Economic index’s rise could signal Las Vegas job growth

Tourists walk along the Las Vegas Strip in this April 28, 2011, file photo.

As fears are stoked about the U.S. economic recovery, a UNLV index released today shows Southern Nevada could be adding jobs by the end of the year.

The Southern Nevada Index of Leading Economic Indicators in May rose 0.52 percent. Most gains were in visitor volume, passenger counts and taxable sales, according to UNLV’s Center for Business and Economic Research.

A rising index is considered a signal for job growth in the coming months.

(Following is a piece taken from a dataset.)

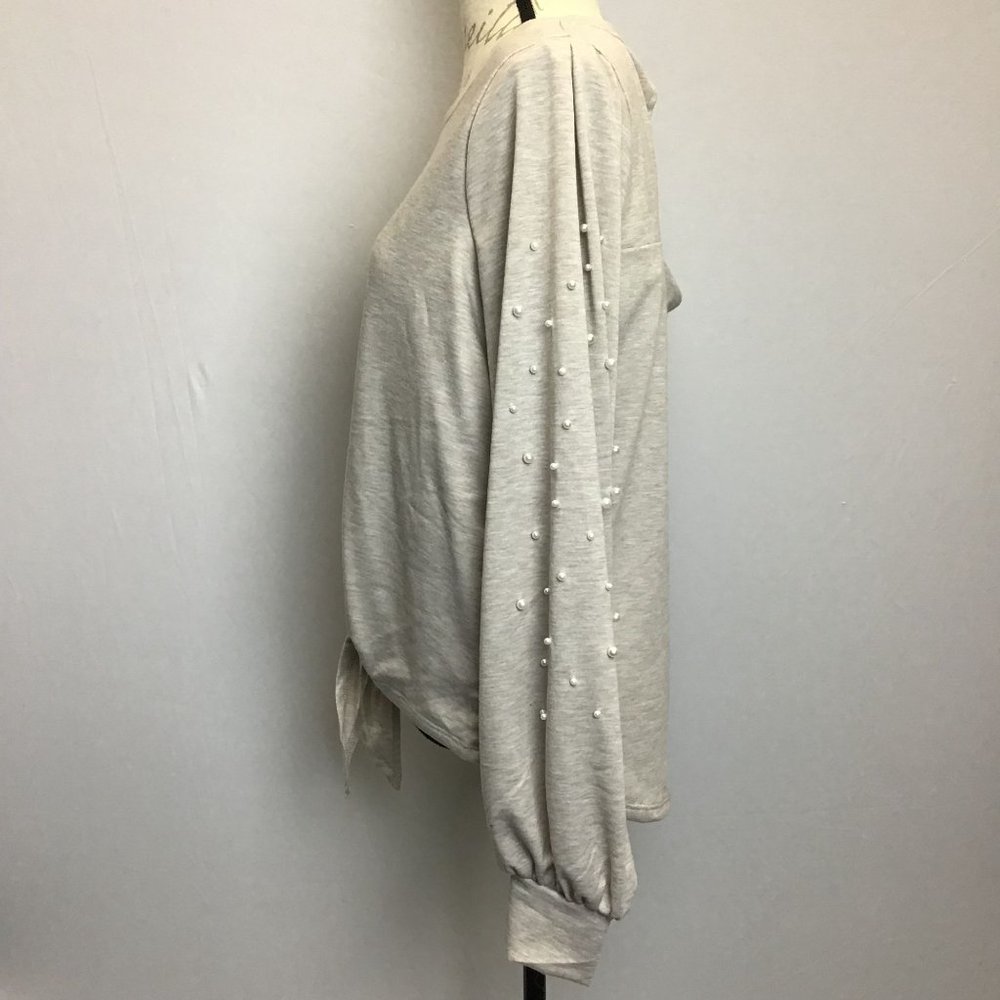 Skonhet- Pearl Embellished  Long Sleeve Top (Size: L)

“If the economies of the Western states improve, spending on travel and tourism could continue contributing to the economic growth in Southern Nevada,” said Bob Potts, the center’s assistant director.

But it’s too soon to put too much stock in the index that rose sharply in March and declined in April. In addition, the national economy that drives Las Vegas tourism is weakening, and some economists fear high gasoline prices and falling home prices nationwide will stall the recovery or may even lead to a double-dip recession.

The U.S. unemployment rate rose to 9.1 percent in May after the nation added only 54,000 jobs.

Nevada’s jobless rate dropped for the fourth straight month to 12.5 percent in April. Las Vegas’ rate was 12.1 percent.

The report said 3,500 jobs were added statewide in April, down from 11,000 added in March.

The UNLV index, which measures economic activity through March, showed convention attendance up 10.3 percent, visitor volume up 5.6 percent, gross gaming revenue up 7.2 percent, airport passengers up 2.2 percent and taxable sales up 9.5 percent.

Commercial construction was also up but residential construction remained weak.